BloomFilter — Standard

The classic space-efficient probabilistic set. Supports add and membership testing but not deletion.

bf = BloomFilter(client, "bf:tokens", capacity=100_000)

await bf.add("token-abc")
await bf.add_many(["token-1", "token-2", "token-3"])

await bf.exists("token-abc")               # True
await bf.exists_many(["token-1", "nope"])   # {"token-1": True, "nope": False}

# Set operations (requires compatible filters — same capacity & error_rate)
merged = await bf1.union(bf2, dest_key="bf:merged")
common = await bf1.intersection(bf2, dest_key="bf:common")

CountingBloomFilter — Supports Deletion

Uses counter buckets (Redis hash) instead of single bits, allowing items to be removed.

from valbloom import CountingBloomFilter

cbf = CountingBloomFilter(client, "cbf:sessions", capacity=50_000)
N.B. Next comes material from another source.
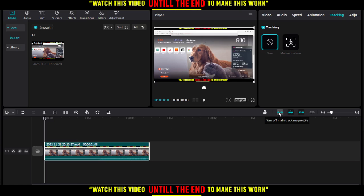Just go to the right option right here. As you can see, we have 'turn off main track magnet.' And here, we have 'turn off auto-snapping.' Just click on this once. As you can see now, we can turn it on, but we wouldn't like to do that if we want to turn it off.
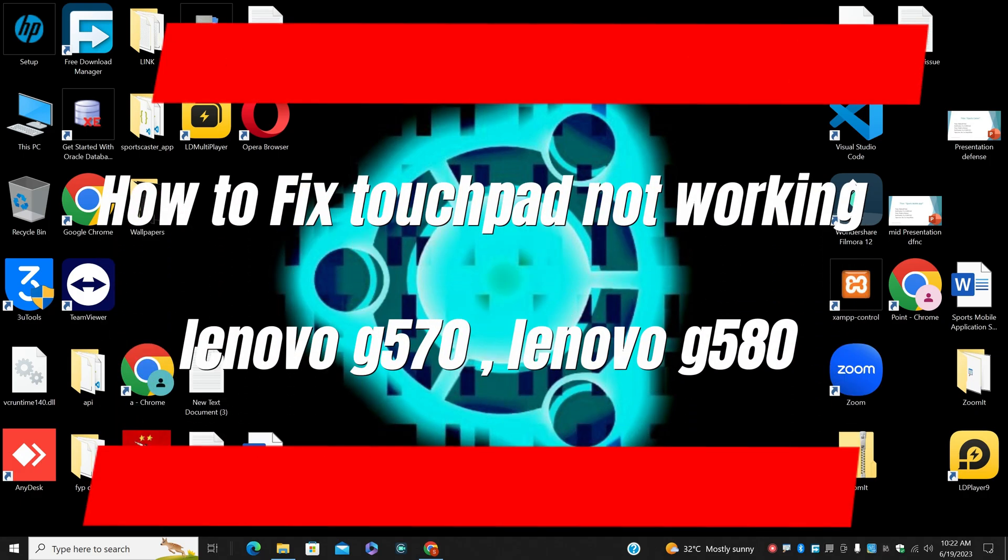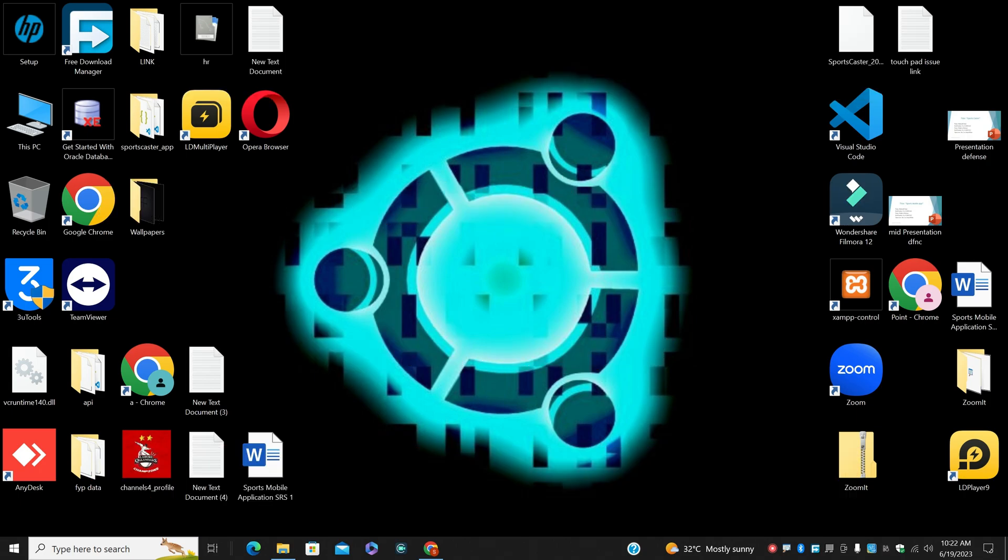Hi everyone, in this video I will tell you how to fix touchpad not working on Lenovo G570 and Lenovo G580. I will show you in this video how you can fix it.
await cbf.add("session-xyz")
await cbf.exists("session-xyz")   # True

await cbf.remove("session-xyz")
await cbf.exists("session-xyz")   # False

ScalableBloomFilter — Auto-Growing

Automatically creates new filter slices when the current one fills up, so the false-positive rate stays bounded even as data grows beyond the initial capacity.

from valbloom import ScalableBloomFilter

sbf = ScalableBloomFilter(
    client, "sbf:users",
    initial_capacity=1_000,
    growth_factor=2,  # each new slice doubles in capacity
    ratio=0.9,        # each slice tightens the error rate
)

# Add millions of items — ValBloom handles the scaling
for i in range(50_000):
    await sbf.add(f"user-{i}")

Common API

All three filter types share these methods:

Method Description
add(item) Add a single item
exists(item) → bool Check membership (probabilistic)
add_many(items) Bulk add
exists_many(items) → dict Bulk check
count → int Number of items added
info() → dict Filter stats (size, fill ratio, etc.)
clear() Reset the filter
set_ttl(seconds) Set expiration on Redis keys
get_ttl() → int Get remaining TTL

CountingBloomFilter additionally supports:

Method Description
remove(item) Remove a single item
remove_many(items) Bulk remove

BloomFilter additionally supports:

Method Description
union(other, dest_key) Merge filters with BITOP OR
intersection(other, dest_key) Intersect filters with BITOP AND

How It Works

A Bloom filter uses a bit array of m bits and k independent hash functions. When adding an item, all k hash positions are set to 1. To check membership, all k positions are tested — if any is 0, the item is definitely not in the set.

ValBloom automatically computes optimal m and k from your desired capacity and error_rate:

  • Bit-array size: m = -(n × ln p) / (ln 2)²
  • Hash count: k = (m / n) × ln 2
Capacity Error Rate Memory Hashes
10,000 1% ~12 KB 7
100,000 0.1% ~180 KB 10
1,000,000 0.01% ~2.3 MB 13

When to Use Which

Use case Filter
Token blacklisting, email dedup, IP blocklisting BloomFilter
Session tracking, temporary bans (need removal) CountingBloomFilter
Unbounded growth, don't know final size ScalableBloomFilter

Development

# Install with dev dependencies
pip install -e ".[dev]"

# Run tests (uses fakeredis, no real Redis needed)
pytest tests/ -v

License

MIT

Project details


Download files

Download the file for your platform. If you're not sure which to choose, learn more about installing packages.

Source Distribution

valbloom-0.1.0.tar.gz (18.5 kB view details)

Uploaded Source

Built Distribution

If you're not sure about the file name format, learn more about wheel file names.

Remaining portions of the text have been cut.